## MATERIAL PROVIDED:
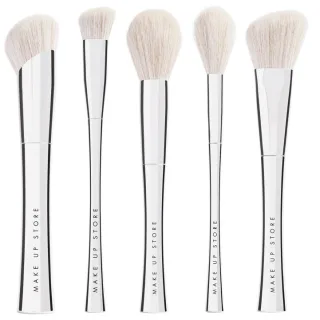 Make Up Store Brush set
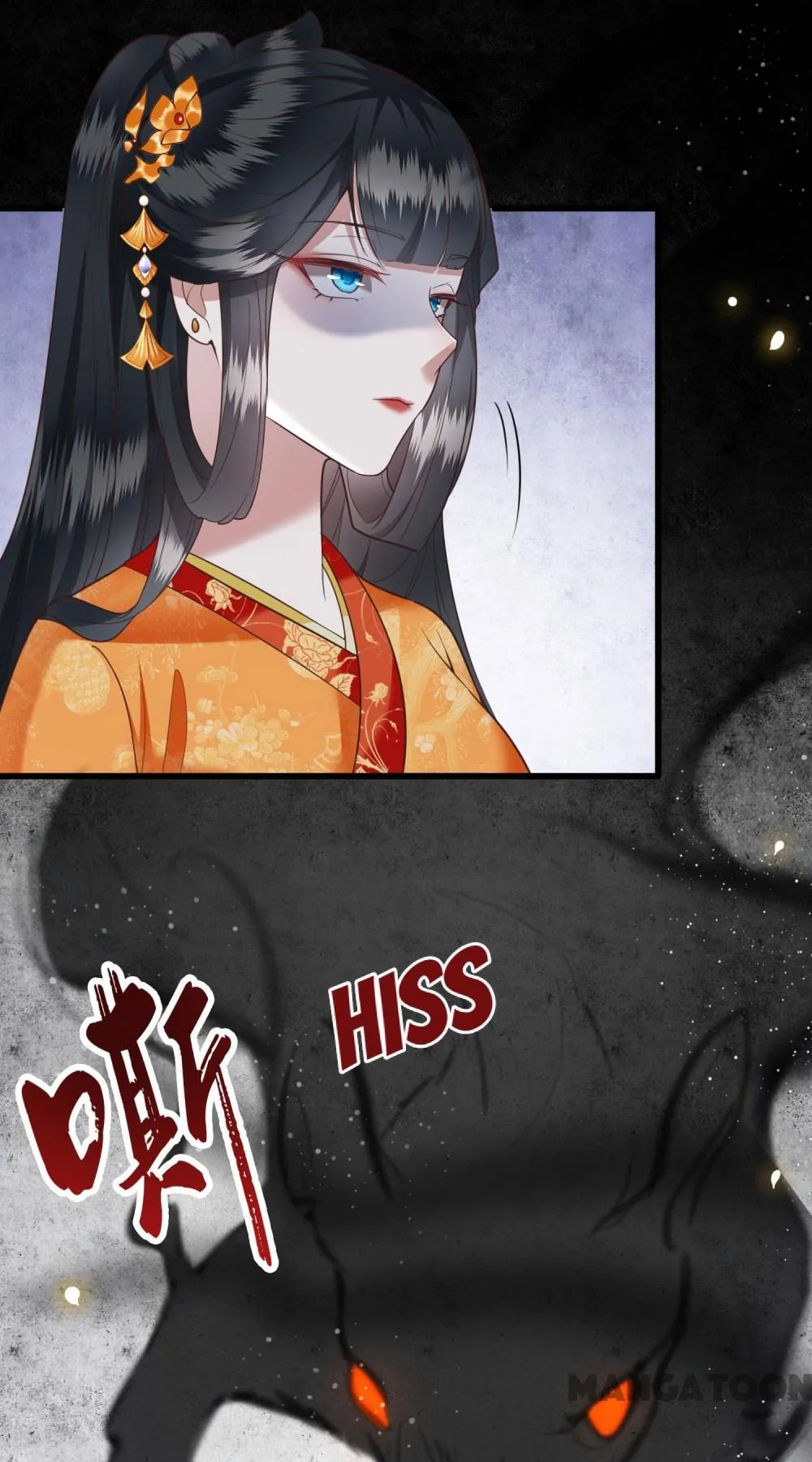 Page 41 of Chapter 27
==
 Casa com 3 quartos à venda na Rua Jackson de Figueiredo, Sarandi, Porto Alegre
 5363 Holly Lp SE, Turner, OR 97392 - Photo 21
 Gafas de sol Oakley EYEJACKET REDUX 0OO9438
---
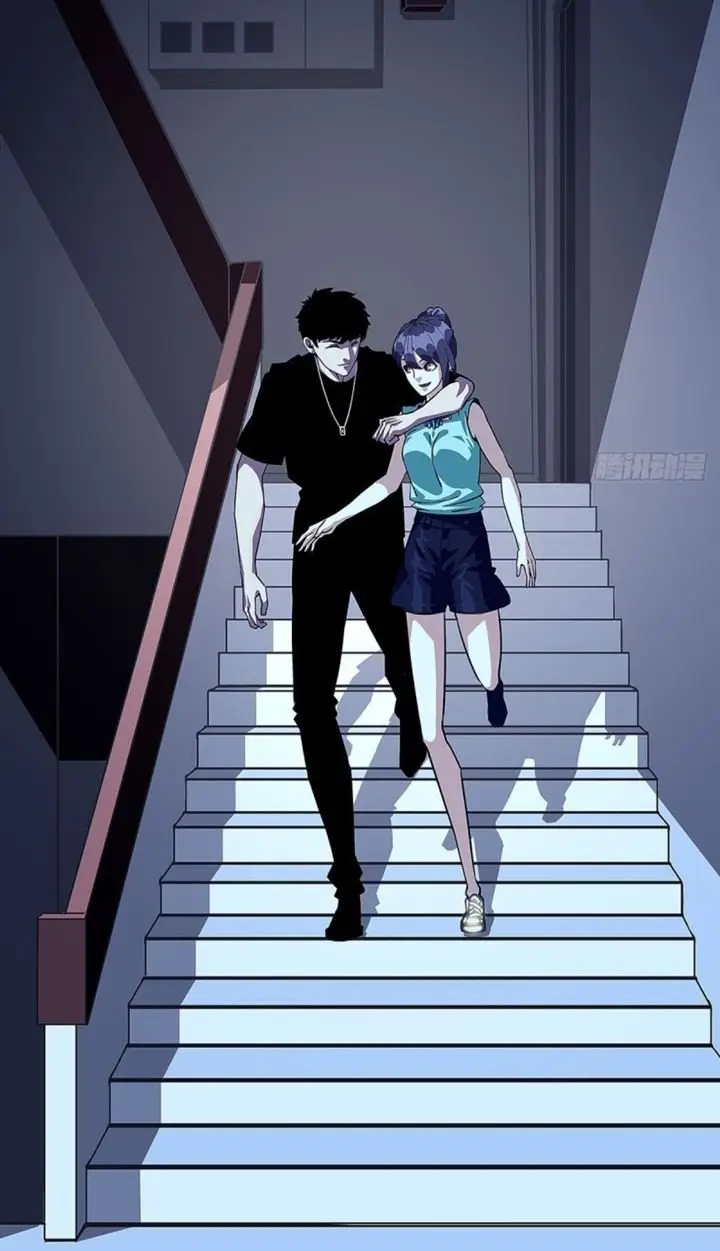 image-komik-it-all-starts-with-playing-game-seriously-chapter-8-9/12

## YOUR ASSIGNMENT:
In the listing above, start at the line with "5363 Holly Lp", go on through the line with "Gafas de sol Oakley EYEJACKET REDUX 0OO9438", and copy each of those lines exactly; leave out all the rest.

## RESPONSE AREA:
 5363 Holly Lp SE, Turner, OR 97392 - Photo 21
 Gafas de sol Oakley EYEJACKET REDUX 0OO9438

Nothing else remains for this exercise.